Material supplied START
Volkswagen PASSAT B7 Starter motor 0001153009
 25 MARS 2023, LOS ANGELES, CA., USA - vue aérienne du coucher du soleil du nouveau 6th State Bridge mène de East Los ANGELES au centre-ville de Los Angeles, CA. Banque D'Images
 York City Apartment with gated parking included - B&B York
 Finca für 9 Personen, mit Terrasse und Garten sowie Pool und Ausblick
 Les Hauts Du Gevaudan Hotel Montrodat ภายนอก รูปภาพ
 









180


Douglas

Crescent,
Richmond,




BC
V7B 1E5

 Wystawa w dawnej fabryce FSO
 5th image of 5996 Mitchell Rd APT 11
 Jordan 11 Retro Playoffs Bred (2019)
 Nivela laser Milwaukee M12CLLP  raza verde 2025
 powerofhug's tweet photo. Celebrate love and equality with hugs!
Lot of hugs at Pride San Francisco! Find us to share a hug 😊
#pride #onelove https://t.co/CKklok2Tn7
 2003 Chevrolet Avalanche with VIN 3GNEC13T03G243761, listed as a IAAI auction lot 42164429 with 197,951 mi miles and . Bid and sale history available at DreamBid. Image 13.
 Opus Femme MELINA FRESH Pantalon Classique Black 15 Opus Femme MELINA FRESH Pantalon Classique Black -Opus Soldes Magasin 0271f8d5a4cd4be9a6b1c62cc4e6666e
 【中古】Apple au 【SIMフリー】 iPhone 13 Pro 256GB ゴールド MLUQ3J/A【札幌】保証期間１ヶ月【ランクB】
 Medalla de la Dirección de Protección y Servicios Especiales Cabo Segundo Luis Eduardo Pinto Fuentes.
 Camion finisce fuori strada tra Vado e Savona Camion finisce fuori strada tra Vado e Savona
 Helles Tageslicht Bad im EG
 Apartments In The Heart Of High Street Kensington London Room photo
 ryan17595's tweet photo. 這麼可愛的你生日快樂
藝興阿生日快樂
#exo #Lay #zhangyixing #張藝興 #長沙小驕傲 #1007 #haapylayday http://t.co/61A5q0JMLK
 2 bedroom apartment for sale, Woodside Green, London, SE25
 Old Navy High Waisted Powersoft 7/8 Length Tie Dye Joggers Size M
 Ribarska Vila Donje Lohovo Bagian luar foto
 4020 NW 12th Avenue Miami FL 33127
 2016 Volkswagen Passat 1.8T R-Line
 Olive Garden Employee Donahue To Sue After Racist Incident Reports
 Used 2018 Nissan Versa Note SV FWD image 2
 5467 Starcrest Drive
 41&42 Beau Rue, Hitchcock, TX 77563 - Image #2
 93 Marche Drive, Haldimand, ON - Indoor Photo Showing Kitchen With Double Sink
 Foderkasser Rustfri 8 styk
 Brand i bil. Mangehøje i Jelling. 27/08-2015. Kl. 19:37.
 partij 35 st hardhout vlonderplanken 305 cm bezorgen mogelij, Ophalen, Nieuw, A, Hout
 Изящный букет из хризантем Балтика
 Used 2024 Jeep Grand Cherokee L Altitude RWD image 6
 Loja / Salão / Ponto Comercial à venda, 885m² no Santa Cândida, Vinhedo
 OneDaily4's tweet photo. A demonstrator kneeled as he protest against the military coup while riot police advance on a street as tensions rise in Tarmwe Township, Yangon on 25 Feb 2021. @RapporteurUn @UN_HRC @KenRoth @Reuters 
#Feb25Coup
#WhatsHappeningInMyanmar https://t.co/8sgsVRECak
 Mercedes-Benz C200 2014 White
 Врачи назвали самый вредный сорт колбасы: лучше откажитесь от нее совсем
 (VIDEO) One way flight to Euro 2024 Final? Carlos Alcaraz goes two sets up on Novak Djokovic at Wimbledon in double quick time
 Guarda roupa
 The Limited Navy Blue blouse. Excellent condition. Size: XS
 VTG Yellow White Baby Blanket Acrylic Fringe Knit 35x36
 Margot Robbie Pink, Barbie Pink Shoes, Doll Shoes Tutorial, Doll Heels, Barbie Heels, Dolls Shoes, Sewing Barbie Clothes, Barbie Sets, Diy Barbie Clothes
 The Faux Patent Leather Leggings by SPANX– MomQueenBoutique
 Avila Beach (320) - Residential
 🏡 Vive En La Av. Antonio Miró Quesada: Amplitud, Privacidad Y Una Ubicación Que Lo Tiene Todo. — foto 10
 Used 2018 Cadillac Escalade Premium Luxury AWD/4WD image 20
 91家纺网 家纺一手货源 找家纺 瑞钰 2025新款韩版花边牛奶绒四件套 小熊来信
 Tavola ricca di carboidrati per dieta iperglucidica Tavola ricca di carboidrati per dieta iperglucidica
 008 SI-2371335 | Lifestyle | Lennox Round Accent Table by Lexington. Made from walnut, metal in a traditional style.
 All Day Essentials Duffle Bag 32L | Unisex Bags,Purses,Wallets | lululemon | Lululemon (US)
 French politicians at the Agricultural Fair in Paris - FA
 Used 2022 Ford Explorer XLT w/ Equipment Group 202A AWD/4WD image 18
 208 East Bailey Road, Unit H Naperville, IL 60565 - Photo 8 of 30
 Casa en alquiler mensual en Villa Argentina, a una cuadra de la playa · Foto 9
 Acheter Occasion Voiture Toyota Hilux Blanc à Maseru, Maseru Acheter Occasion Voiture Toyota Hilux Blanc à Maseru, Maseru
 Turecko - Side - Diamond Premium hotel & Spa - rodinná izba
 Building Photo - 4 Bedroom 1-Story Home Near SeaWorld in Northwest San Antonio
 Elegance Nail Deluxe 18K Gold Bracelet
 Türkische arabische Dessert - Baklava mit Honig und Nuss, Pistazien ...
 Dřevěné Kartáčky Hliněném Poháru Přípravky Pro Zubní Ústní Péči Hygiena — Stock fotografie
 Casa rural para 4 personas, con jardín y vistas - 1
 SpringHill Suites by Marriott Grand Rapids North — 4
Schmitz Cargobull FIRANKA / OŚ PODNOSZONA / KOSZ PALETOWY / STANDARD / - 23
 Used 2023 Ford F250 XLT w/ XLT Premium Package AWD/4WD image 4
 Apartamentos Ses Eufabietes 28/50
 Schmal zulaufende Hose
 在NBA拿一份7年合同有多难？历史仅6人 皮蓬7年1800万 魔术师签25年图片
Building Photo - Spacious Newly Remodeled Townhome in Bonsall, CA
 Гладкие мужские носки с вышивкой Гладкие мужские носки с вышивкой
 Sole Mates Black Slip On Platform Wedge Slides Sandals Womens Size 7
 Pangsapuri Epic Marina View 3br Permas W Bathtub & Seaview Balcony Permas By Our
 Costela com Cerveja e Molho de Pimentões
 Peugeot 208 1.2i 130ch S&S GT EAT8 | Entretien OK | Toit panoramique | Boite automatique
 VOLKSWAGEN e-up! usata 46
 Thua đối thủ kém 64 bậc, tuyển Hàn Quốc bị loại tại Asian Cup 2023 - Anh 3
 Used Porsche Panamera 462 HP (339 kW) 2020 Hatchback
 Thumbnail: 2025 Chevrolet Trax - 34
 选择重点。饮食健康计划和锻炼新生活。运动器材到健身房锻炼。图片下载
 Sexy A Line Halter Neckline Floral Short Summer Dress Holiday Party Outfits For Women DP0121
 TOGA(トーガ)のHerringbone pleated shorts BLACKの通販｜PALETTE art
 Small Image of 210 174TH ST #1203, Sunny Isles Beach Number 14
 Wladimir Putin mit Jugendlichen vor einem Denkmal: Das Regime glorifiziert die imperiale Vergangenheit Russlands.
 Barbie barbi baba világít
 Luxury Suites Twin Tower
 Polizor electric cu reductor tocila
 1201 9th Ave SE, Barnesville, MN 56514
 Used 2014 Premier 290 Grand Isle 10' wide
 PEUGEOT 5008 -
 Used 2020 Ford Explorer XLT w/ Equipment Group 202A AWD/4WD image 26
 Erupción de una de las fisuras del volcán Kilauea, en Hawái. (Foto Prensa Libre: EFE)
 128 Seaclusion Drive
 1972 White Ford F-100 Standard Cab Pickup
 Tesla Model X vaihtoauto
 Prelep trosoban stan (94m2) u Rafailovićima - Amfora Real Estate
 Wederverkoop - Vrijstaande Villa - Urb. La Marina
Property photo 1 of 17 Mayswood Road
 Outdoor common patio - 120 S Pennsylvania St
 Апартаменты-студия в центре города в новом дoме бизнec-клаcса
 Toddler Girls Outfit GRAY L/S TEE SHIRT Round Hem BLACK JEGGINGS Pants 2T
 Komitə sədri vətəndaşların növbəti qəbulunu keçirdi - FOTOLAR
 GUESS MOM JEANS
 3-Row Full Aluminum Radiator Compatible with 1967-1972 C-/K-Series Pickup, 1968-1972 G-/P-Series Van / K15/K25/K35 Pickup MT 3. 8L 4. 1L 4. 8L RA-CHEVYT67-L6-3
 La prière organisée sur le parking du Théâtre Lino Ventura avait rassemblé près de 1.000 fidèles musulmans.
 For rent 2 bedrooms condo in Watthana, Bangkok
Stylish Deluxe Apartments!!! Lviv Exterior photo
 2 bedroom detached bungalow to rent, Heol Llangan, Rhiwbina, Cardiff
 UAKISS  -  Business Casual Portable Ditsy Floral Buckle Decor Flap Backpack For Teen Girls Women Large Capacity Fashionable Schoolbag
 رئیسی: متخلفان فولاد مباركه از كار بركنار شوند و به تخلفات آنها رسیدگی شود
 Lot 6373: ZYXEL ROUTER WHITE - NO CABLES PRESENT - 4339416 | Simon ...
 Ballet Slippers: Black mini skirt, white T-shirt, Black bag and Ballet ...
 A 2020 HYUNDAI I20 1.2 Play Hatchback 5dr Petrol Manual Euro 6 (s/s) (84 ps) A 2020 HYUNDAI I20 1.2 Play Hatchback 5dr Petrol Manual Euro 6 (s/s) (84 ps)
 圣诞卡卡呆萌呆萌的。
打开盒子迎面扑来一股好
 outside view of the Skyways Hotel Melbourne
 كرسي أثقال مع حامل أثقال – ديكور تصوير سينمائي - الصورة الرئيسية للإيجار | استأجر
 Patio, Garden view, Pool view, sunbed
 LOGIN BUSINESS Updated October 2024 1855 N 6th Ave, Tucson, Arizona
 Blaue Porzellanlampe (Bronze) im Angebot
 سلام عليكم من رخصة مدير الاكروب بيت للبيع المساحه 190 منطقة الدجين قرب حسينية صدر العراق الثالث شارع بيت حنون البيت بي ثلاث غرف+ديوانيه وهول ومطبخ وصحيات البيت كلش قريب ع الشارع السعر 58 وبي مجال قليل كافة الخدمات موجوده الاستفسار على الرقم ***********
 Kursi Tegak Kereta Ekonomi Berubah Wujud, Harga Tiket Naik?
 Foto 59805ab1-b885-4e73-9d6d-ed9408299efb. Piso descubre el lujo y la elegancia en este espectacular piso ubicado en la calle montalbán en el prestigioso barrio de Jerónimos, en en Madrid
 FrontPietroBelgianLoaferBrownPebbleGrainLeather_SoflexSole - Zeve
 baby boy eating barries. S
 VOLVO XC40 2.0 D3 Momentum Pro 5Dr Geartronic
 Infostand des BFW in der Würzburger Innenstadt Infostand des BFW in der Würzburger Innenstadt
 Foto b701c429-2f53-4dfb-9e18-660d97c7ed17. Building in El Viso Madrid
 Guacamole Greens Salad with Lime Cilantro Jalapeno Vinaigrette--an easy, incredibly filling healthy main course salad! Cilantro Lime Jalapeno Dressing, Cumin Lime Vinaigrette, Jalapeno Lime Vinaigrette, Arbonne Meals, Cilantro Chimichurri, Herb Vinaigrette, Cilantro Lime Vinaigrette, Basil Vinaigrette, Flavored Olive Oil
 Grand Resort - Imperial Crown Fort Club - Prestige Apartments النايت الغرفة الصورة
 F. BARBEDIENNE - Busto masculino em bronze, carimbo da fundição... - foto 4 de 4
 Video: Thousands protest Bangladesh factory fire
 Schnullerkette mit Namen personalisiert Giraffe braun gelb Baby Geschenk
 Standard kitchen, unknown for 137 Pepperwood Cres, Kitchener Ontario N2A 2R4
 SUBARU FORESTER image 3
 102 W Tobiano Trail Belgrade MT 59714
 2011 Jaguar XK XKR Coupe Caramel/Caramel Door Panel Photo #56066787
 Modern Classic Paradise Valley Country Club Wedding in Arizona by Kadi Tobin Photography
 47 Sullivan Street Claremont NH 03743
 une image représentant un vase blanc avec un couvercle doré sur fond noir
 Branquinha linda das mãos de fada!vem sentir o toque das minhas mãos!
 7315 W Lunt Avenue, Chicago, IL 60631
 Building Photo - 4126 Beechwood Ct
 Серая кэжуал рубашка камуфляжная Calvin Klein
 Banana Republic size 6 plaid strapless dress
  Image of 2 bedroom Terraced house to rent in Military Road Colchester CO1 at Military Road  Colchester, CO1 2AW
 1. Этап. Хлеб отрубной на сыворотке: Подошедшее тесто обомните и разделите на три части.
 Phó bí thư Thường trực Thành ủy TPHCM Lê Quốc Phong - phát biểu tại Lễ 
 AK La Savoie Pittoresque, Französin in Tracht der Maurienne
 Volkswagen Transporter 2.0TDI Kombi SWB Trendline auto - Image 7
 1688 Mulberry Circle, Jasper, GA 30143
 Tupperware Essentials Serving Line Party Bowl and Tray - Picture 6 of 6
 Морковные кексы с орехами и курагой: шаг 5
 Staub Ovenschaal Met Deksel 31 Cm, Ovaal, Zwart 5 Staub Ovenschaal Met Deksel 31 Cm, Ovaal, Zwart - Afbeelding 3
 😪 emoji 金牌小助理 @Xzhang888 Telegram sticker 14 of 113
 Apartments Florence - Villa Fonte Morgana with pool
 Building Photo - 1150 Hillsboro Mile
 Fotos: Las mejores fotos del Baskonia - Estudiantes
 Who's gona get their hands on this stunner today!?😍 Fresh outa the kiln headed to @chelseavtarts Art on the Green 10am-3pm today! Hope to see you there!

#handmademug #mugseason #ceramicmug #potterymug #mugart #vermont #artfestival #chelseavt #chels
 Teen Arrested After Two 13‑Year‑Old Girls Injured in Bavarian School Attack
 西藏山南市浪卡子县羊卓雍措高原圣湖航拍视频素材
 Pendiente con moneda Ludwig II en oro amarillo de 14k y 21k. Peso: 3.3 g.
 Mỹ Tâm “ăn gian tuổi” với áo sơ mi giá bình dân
Material supplied END
* [What you need to do] Take the stretch of lines above from the one containing "Modern Classic Paradise" through the one containing "Морковные кексы с орехами и курагой: шаг 5" and repeat it exactly, adding no other line.

* [Task output]
 Modern Classic Paradise Valley Country Club Wedding in Arizona by Kadi Tobin Photography
 47 Sullivan Street Claremont NH 03743
 une image représentant un vase blanc avec un couvercle doré sur fond noir
 Branquinha linda das mãos de fada!vem sentir o toque das minhas mãos!
 7315 W Lunt Avenue, Chicago, IL 60631
 Building Photo - 4126 Beechwood Ct
 Серая кэжуал рубашка камуфляжная Calvin Klein
 Banana Republic size 6 plaid strapless dress
  Image of 2 bedroom Terraced house to rent in Military Road Colchester CO1 at Military Road  Colchester, CO1 2AW
 1. Этап. Хлеб отрубной на сыворотке: Подошедшее тесто обомните и разделите на три части.
 Phó bí thư Thường trực Thành ủy TPHCM Lê Quốc Phong - phát biểu tại Lễ 
 AK La Savoie Pittoresque, Französin in Tracht der Maurienne
 Volkswagen Transporter 2.0TDI Kombi SWB Trendline auto - Image 7
 1688 Mulberry Circle, Jasper, GA 30143
 Tupperware Essentials Serving Line Party Bowl and Tray - Picture 6 of 6
 Морковные кексы с орехами и курагой: шаг 5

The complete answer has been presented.